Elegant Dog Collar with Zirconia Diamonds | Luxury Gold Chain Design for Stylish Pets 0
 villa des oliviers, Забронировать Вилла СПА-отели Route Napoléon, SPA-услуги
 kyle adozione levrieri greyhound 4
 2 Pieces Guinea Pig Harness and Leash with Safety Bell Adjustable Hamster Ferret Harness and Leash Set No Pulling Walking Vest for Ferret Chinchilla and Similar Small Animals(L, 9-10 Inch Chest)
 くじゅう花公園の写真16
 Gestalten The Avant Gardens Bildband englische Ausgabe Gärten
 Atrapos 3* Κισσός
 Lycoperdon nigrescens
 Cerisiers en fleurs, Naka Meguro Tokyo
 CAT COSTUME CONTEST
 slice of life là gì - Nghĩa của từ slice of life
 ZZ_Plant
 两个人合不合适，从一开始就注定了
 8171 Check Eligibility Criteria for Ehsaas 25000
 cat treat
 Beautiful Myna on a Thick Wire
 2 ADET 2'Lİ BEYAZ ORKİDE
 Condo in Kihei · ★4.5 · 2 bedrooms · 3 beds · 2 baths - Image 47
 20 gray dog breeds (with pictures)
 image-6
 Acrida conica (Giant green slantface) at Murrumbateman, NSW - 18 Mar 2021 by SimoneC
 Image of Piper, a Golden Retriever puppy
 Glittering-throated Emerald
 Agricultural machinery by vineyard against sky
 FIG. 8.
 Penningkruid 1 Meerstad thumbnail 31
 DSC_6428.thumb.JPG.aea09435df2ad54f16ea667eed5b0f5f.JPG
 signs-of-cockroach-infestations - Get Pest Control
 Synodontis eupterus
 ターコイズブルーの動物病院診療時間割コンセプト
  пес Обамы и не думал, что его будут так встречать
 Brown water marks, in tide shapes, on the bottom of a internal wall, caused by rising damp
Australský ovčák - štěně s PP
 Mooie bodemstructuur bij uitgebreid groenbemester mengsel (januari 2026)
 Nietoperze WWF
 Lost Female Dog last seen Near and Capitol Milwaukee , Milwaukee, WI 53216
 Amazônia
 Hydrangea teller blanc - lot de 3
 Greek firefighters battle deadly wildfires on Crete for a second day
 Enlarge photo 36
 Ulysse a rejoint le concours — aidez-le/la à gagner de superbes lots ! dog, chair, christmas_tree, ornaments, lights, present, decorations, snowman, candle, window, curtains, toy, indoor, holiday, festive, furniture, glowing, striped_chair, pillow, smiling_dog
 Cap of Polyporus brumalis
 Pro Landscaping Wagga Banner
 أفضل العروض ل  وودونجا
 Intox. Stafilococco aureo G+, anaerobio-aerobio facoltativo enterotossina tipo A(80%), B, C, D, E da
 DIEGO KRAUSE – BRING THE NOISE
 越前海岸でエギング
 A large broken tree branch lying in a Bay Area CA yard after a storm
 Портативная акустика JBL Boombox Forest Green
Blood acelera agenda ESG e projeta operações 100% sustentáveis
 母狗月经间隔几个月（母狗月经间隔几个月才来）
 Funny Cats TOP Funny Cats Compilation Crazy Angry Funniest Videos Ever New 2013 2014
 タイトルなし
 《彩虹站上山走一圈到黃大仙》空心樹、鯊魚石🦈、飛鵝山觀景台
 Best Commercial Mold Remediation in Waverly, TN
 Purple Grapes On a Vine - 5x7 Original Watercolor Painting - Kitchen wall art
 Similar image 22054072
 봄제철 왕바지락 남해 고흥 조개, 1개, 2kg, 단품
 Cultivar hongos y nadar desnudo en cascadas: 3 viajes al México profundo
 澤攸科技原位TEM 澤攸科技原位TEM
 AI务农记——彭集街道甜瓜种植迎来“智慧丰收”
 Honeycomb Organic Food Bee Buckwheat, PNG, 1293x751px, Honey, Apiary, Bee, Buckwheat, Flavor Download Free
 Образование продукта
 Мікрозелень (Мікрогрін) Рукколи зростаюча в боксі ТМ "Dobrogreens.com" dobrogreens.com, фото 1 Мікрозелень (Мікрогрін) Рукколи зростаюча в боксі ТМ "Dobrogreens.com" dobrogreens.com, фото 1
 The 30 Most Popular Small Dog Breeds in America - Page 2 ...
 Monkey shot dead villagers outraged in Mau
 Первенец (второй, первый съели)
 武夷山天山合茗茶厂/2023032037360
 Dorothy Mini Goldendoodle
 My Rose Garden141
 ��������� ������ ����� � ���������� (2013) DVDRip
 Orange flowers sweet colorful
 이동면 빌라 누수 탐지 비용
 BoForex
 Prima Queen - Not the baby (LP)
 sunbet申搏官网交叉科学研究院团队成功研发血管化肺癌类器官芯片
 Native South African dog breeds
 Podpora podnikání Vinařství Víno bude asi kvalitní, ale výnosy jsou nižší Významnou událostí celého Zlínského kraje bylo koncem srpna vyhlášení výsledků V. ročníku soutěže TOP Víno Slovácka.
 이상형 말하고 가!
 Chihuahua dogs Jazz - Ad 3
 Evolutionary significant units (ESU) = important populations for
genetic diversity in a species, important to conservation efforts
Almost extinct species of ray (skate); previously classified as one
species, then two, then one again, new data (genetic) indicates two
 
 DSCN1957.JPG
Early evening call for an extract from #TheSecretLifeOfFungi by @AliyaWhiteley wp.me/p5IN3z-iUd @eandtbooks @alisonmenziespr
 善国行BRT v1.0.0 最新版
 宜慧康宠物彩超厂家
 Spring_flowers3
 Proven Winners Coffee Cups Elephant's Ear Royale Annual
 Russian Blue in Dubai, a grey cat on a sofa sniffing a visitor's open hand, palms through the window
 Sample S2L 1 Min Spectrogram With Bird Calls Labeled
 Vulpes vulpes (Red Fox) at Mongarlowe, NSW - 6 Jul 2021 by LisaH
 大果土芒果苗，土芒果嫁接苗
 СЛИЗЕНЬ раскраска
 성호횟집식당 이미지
===
*HOW TO COMPLETE THIS TASK:* Output exactly one stretch of the listing: from the line containing "봄제철 왕바지락 남해 고흥 조개, 1개, 2kg, 단품" through the line containing "Native South African dog breeds", both end lines included.

*EXERCISE RESPONSE:*
 봄제철 왕바지락 남해 고흥 조개, 1개, 2kg, 단품
 Cultivar hongos y nadar desnudo en cascadas: 3 viajes al México profundo
 澤攸科技原位TEM 澤攸科技原位TEM
 AI务农记——彭集街道甜瓜种植迎来“智慧丰收”
 Honeycomb Organic Food Bee Buckwheat, PNG, 1293x751px, Honey, Apiary, Bee, Buckwheat, Flavor Download Free
 Образование продукта
 Мікрозелень (Мікрогрін) Рукколи зростаюча в боксі ТМ "Dobrogreens.com" dobrogreens.com, фото 1 Мікрозелень (Мікрогрін) Рукколи зростаюча в боксі ТМ "Dobrogreens.com" dobrogreens.com, фото 1
 The 30 Most Popular Small Dog Breeds in America - Page 2 ...
 Monkey shot dead villagers outraged in Mau
 Первенец (второй, первый съели)
 武夷山天山合茗茶厂/2023032037360
 Dorothy Mini Goldendoodle
 My Rose Garden141
 ��������� ������ ����� � ���������� (2013) DVDRip
 Orange flowers sweet colorful
 이동면 빌라 누수 탐지 비용
 BoForex
 Prima Queen - Not the baby (LP)
 sunbet申搏官网交叉科学研究院团队成功研发血管化肺癌类器官芯片
 Native South African dog breeds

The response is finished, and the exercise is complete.